EXERCISE DESCRIPTION:
In the records below, find the line containing "25 N Skyward Dr, Newark, DE 19713". Output it and every line after it to the end, unchanged, with no pictures.

(SOURCE DATA)

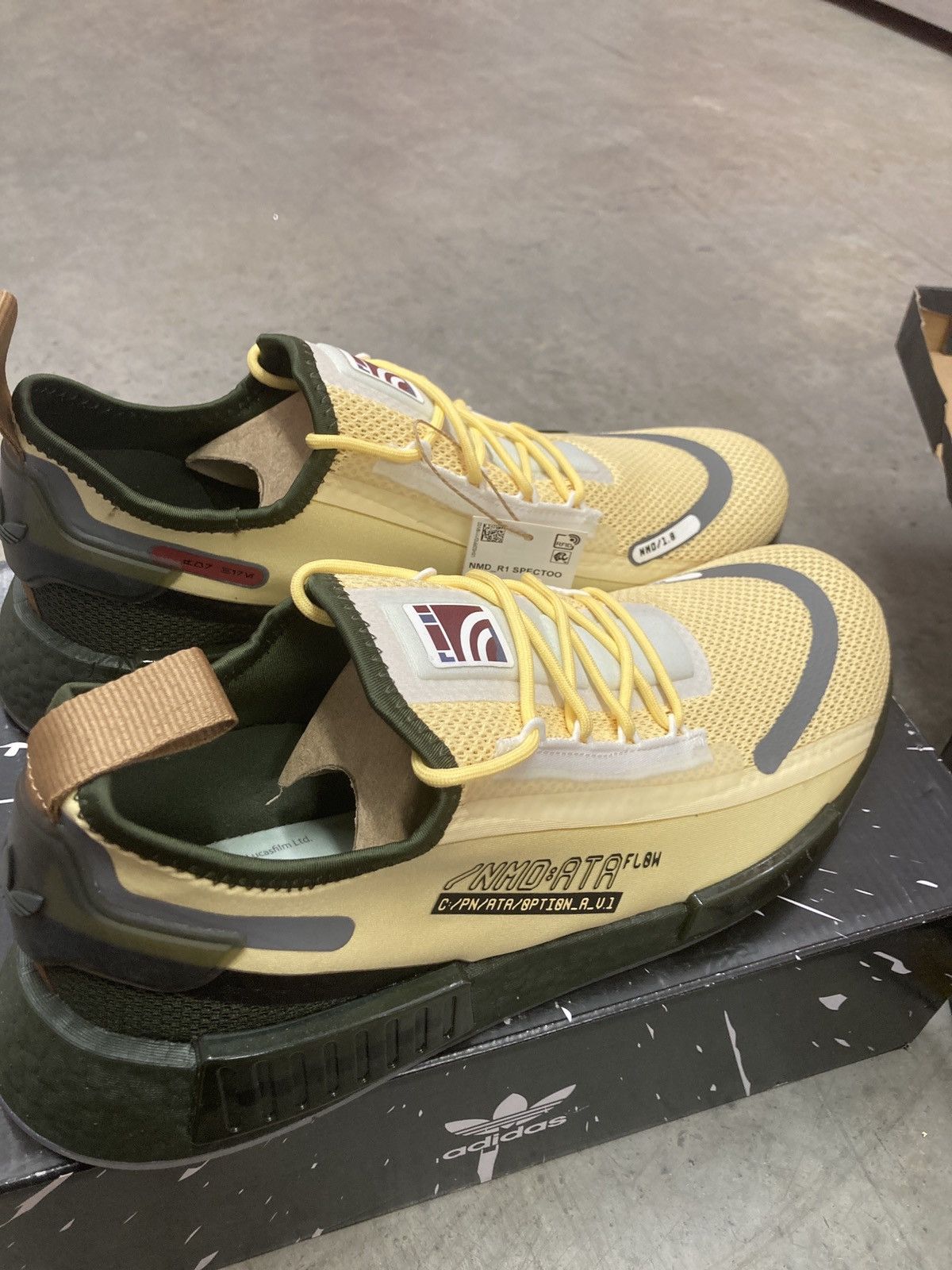 Adidas NMD_R1 SPECTOO Size US 10.5 / EU 43-44 - 3 Thumbnail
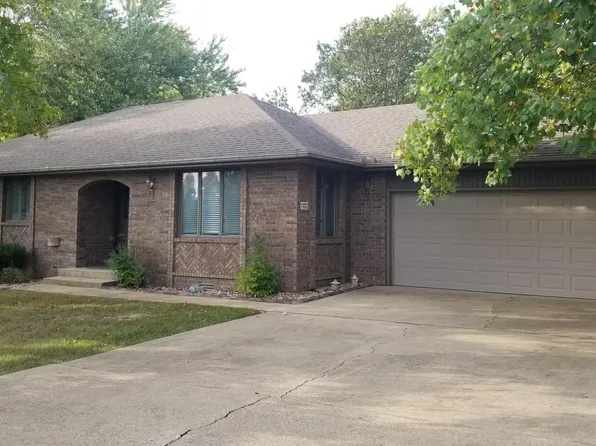 1103 Julia Street, Mountain Grove, MO 65711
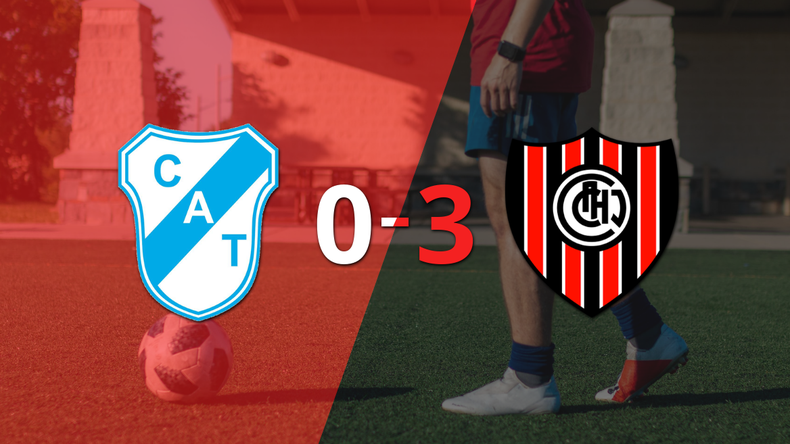 Chacarita derrotó sin complicaciones a Temperley con doblete de Víctor Figueroa
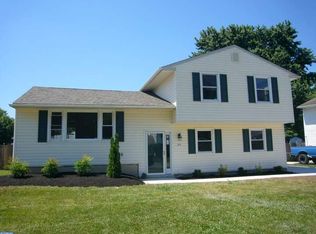 25 N Skyward Dr, Newark, DE 19713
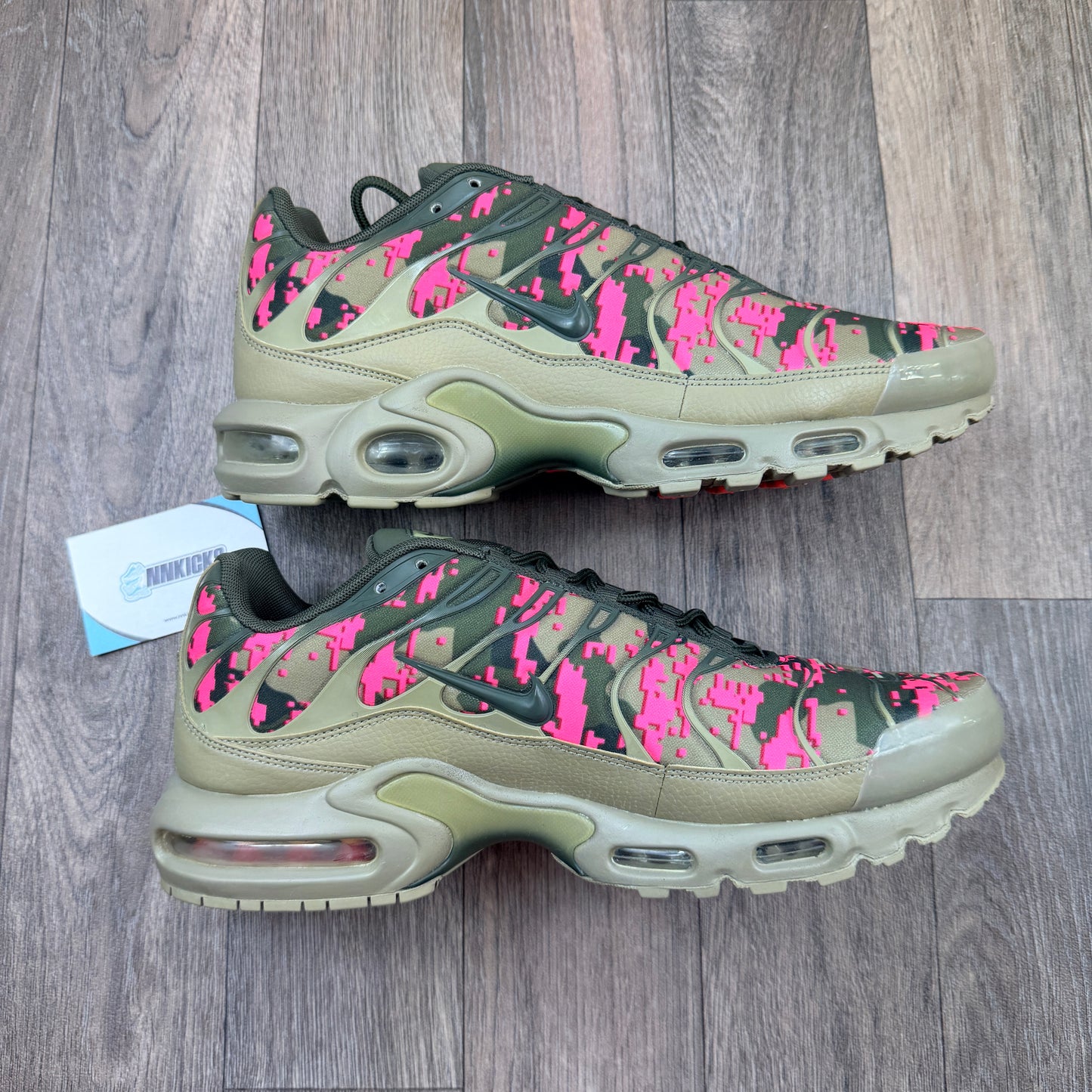 NIKE Air Max Plus TN Neutral Olive Digital Camo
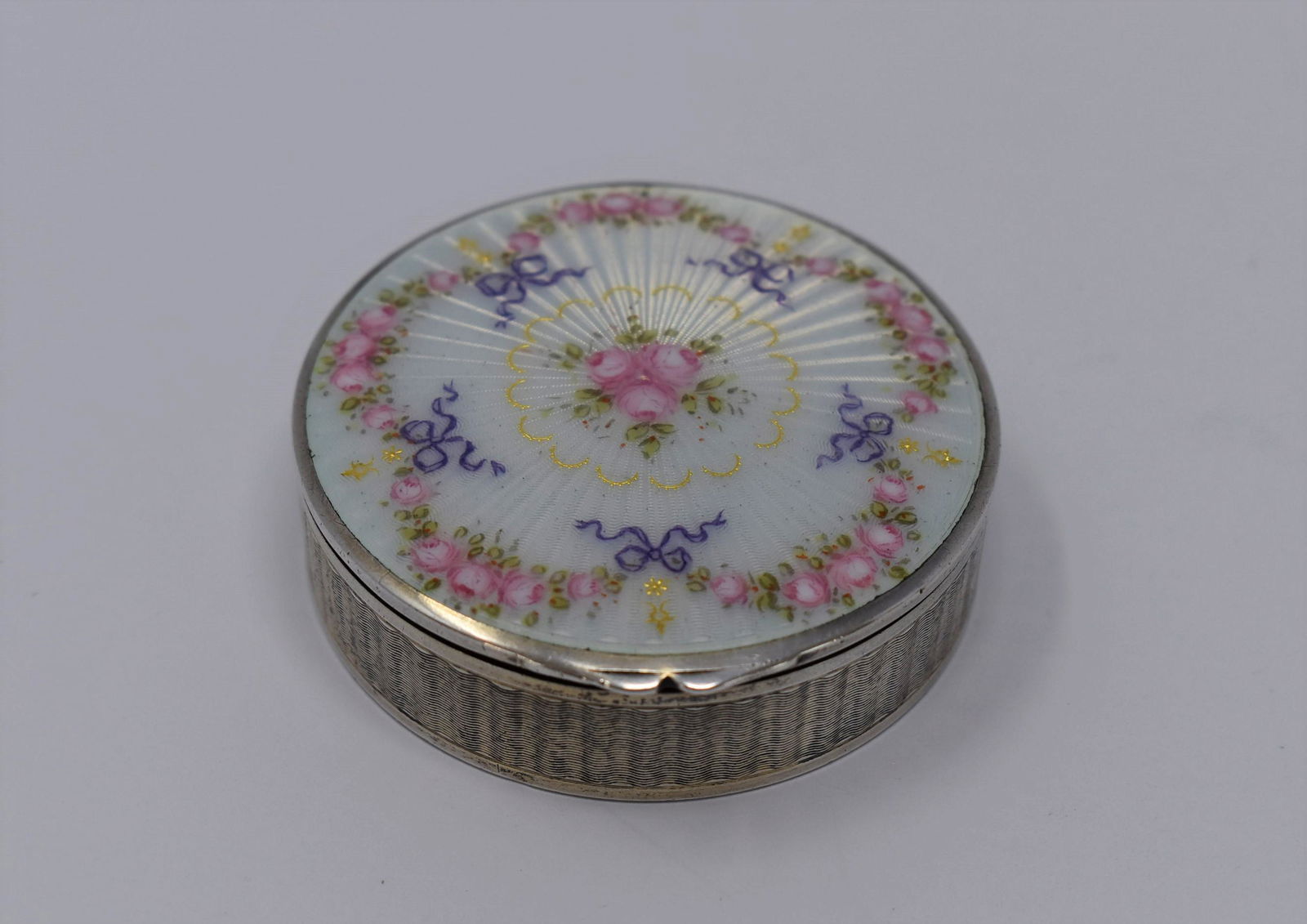 A 935 silver and guilloche enamel pill box, C.1920 (1 of 7)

(End SOURCE DATA)

RESULT:
 25 N Skyward Dr, Newark, DE 19713
 NIKE Air Max Plus TN Neutral Olive Digital Camo
 A 935 silver and guilloche enamel pill box, C.1920 (1 of 7)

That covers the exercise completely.